Story + Photos Mandy McKeesick

Of the 10 official Australian deserts, the Great Victoria is Australia’s largest, stretching 348,750sq km across southern WA and into SA. The others are (in descending order of size): the Great Sandy in WA; the Tanami, spanning northern WA and NT; the Simpson in northern SA, western Queensland and southern NT; the Gibson in WA; the Little Sandy in WA; the Strzelecki and Sturt Stony in the Corner Country of SA, Queensland and NSW; the Tirari on the northern shores of Lake Eyre; and the tiny Pedirka (1250sq km) in SA. Together they cover 18% of mainland Australia. In a sunburnt country like Australia there are plenty of other arid areas, such as the Little Desert, Vic, the Painted Desert, SA, and the Nullarbor Plain, that do not sit on Geoscience Australia’s official 10 deserts list. Titles and boundaries, after all, are only for the human mind.

“The definition of a desert is variable around the world,” says Dr Steve Hill, Geoscience Australia’s chief scientist. “There is often a climate definition – typically less than 250mm annual rainfall – but changes in evaporation, wind and temperature all influence whether an area is defined as a desert.”

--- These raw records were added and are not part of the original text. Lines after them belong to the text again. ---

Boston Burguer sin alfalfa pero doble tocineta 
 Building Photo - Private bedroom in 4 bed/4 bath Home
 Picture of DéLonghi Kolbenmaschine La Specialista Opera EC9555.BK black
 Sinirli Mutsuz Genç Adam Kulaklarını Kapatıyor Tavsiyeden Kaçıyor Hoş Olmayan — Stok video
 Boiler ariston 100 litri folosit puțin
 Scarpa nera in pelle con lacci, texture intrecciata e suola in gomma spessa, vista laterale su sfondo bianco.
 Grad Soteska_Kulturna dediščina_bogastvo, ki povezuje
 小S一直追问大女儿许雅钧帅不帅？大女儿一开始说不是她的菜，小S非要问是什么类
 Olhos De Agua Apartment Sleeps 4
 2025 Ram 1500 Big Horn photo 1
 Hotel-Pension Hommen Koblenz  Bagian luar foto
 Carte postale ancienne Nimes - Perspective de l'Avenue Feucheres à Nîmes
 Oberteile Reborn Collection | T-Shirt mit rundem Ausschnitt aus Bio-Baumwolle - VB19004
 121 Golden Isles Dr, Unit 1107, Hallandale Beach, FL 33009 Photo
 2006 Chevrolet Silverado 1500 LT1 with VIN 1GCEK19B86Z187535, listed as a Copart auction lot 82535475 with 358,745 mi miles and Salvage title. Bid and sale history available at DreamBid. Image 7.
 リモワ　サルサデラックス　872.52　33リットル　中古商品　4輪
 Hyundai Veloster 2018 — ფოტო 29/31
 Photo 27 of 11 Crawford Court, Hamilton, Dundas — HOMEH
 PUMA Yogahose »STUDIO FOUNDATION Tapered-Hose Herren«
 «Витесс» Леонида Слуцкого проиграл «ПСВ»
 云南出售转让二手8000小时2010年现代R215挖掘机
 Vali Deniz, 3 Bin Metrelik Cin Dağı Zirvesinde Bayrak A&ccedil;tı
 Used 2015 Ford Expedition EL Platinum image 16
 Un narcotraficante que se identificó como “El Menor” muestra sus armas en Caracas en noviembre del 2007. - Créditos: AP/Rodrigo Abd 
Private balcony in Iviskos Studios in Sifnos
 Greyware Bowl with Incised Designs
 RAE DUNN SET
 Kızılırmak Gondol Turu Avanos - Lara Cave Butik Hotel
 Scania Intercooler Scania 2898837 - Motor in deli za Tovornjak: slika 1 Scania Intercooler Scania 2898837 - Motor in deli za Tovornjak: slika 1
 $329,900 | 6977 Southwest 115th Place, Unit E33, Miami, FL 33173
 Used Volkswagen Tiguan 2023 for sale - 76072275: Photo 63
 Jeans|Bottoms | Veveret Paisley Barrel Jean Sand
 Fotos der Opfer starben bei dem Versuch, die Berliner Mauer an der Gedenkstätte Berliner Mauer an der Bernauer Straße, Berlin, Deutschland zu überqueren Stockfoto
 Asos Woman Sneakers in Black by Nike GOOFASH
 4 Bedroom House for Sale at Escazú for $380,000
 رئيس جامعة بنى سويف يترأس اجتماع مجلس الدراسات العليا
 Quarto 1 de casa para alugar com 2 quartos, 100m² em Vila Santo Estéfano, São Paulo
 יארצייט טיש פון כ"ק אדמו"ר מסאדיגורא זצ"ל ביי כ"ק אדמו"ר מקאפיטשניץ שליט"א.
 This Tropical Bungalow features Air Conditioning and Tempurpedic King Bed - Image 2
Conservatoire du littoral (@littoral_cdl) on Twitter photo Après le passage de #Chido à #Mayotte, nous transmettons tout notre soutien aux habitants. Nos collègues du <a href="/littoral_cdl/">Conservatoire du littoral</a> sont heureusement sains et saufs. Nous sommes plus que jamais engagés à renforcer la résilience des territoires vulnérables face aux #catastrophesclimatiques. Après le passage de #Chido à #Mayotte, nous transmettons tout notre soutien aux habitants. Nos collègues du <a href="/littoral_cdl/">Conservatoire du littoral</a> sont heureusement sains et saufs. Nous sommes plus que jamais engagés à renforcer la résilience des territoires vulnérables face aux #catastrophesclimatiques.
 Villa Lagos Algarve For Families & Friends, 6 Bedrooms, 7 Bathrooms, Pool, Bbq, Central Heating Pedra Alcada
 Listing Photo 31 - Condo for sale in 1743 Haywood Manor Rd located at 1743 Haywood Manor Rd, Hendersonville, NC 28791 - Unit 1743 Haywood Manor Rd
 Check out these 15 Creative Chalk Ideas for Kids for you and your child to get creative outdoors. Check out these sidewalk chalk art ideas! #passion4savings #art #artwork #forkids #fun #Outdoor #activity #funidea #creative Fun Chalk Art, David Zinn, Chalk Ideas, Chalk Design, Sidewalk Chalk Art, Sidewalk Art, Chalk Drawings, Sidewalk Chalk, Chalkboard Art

Sand dunes are dominant geomorphological features of deserts, but so too are swales (valleys between the dunes), claypans, salt lakes, grass and woodlands, mesa breakaways, intermittent watercourses and stony plains. Each desert may have a combination of these features with differences, at times, only slight and boundaries feathery. “Australia’s deserts are not static; they change,” Steve says. “They change on timescales of millions of years as Australia has moved and drifted northwards to an arid belt of the Earth; on timescales of thousands of years where we had glacial and interglacial cycles [ice ages], making Australia more arid than it is today; and on timescales of tens to hundreds of years because of things like rabbits and grazing.” Introduced predators such as foxes and cats have contributed to species decimation, particularly of small mammals; introduced grasses such as buffel have invaded desert grasslands; and there is a trail of destruction left by foraging feral camels.